- _Required action_
The records below are to be returned word for word, with pictures left out.

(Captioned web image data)
<<<<
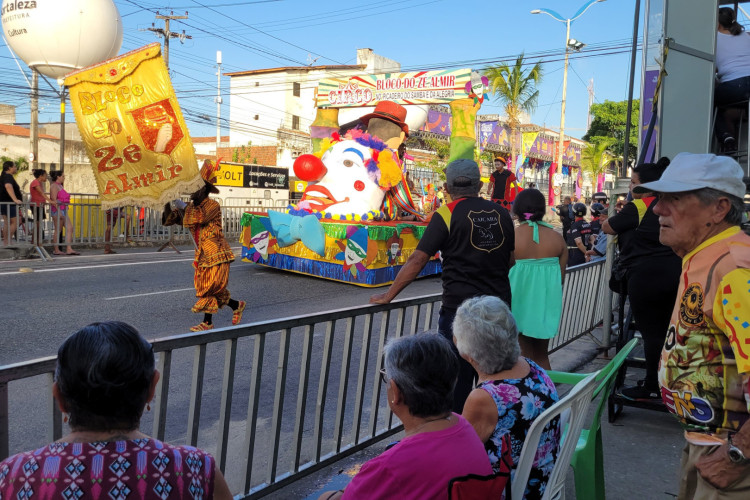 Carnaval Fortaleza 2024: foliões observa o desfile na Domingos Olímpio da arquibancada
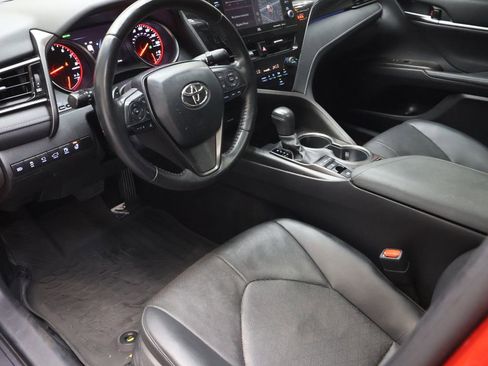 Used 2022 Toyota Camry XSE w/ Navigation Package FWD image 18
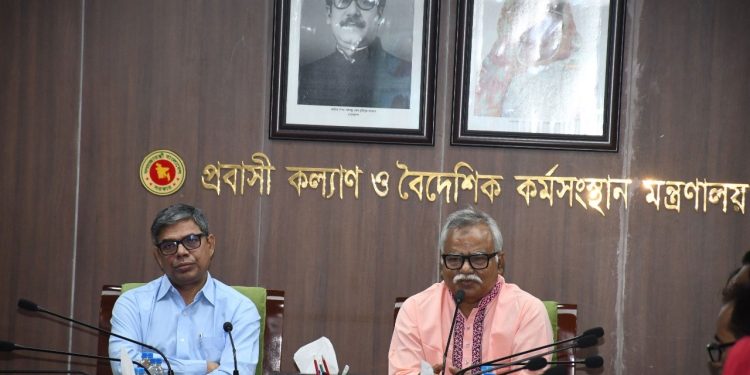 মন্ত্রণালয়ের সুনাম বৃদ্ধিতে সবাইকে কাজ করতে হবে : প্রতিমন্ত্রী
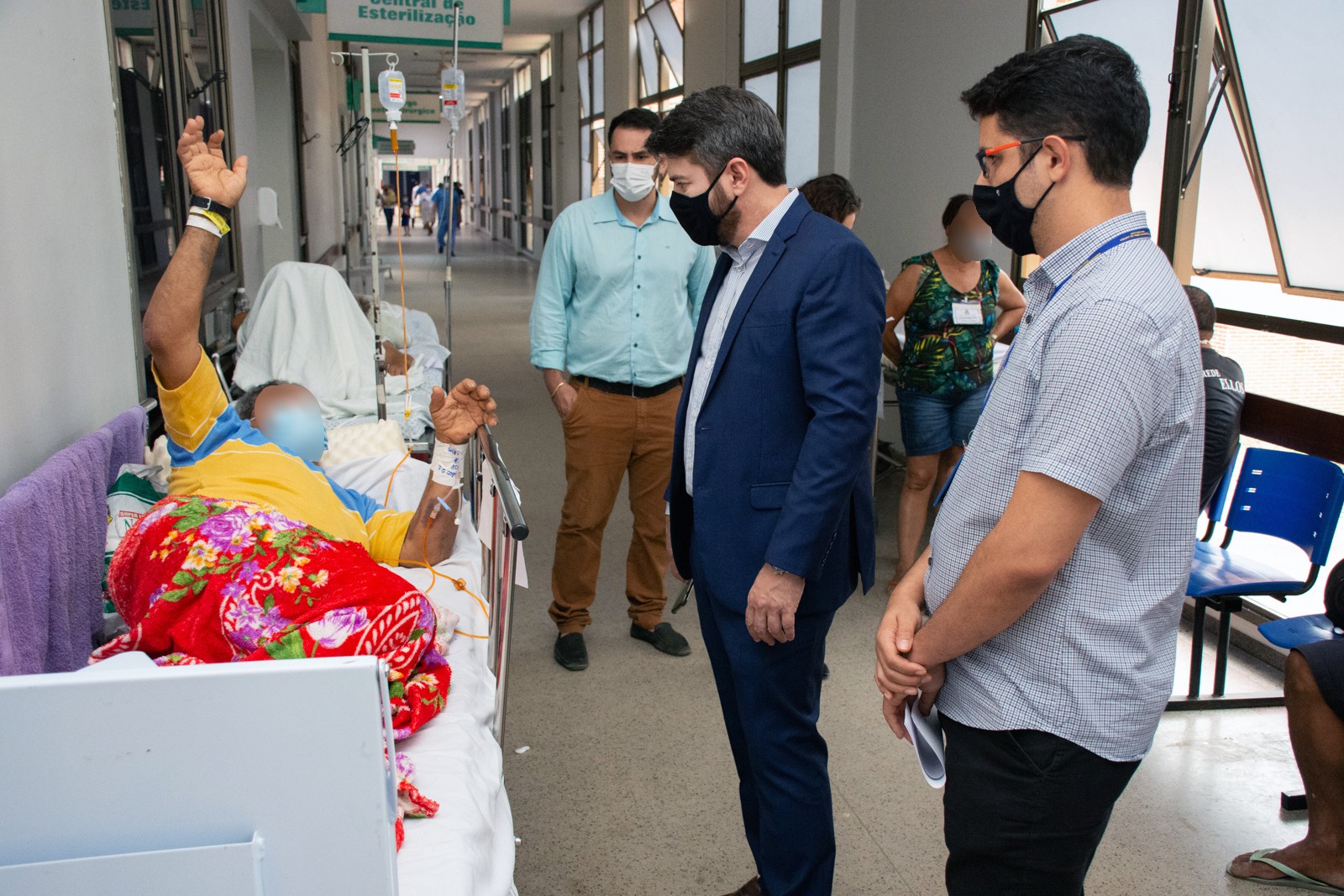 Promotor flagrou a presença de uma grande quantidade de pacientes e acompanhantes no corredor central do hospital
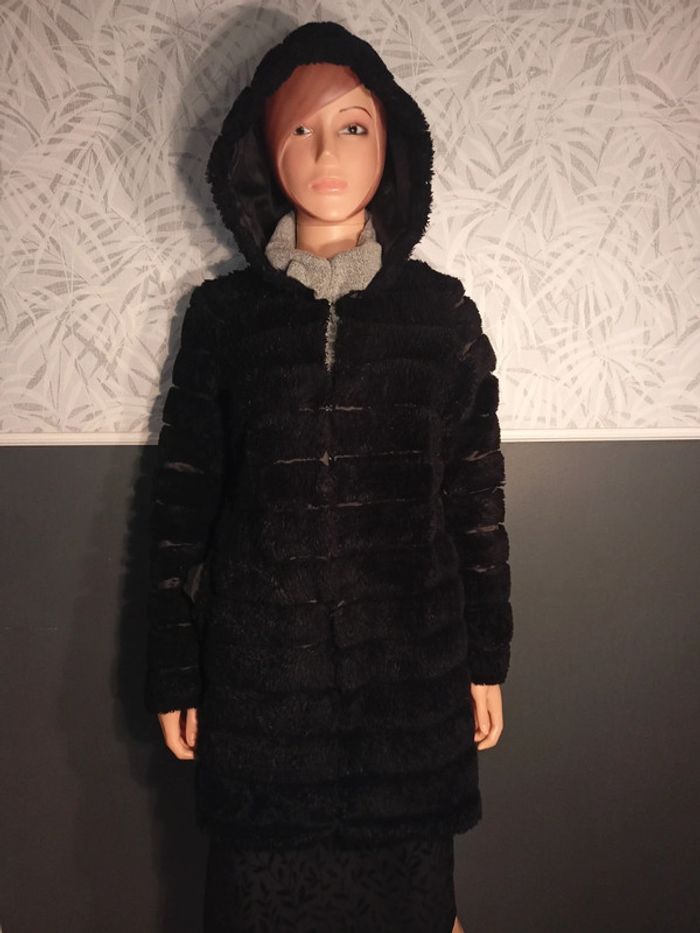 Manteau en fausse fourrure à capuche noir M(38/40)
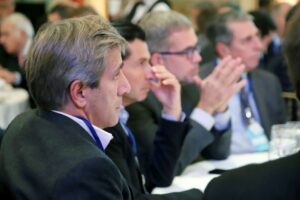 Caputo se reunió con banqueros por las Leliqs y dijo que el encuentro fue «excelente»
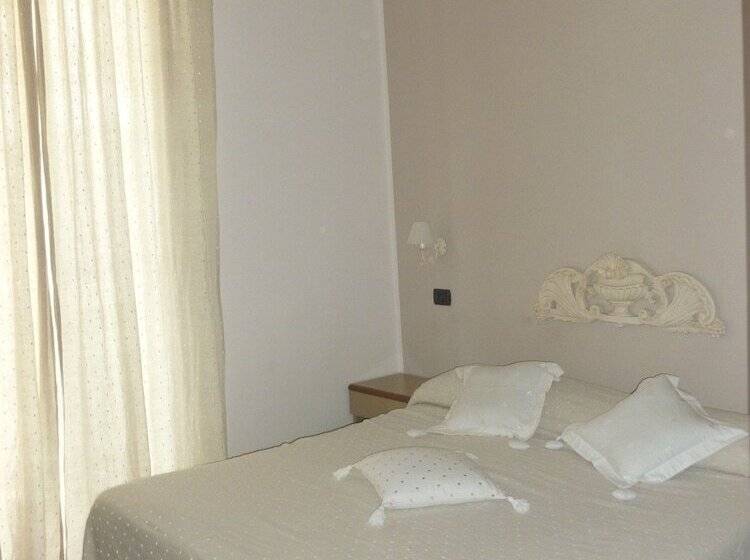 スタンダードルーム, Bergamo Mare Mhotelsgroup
>>>>
- _Written answer_
 Carnaval Fortaleza 2024: foliões observa o desfile na Domingos Olímpio da arquibancada
 Used 2022 Toyota Camry XSE w/ Navigation Package FWD image 18
 মন্ত্রণালয়ের সুনাম বৃদ্ধিতে সবাইকে কাজ করতে হবে : প্রতিমন্ত্রী
 Promotor flagrou a presença de uma grande quantidade de pacientes e acompanhantes no corredor central do hospital
 Manteau en fausse fourrure à capuche noir M(38/40)
 Caputo se reunió con banqueros por las Leliqs y dijo que el encuentro fue «excelente»
 スタンダードルーム, Bergamo Mare Mhotelsgroup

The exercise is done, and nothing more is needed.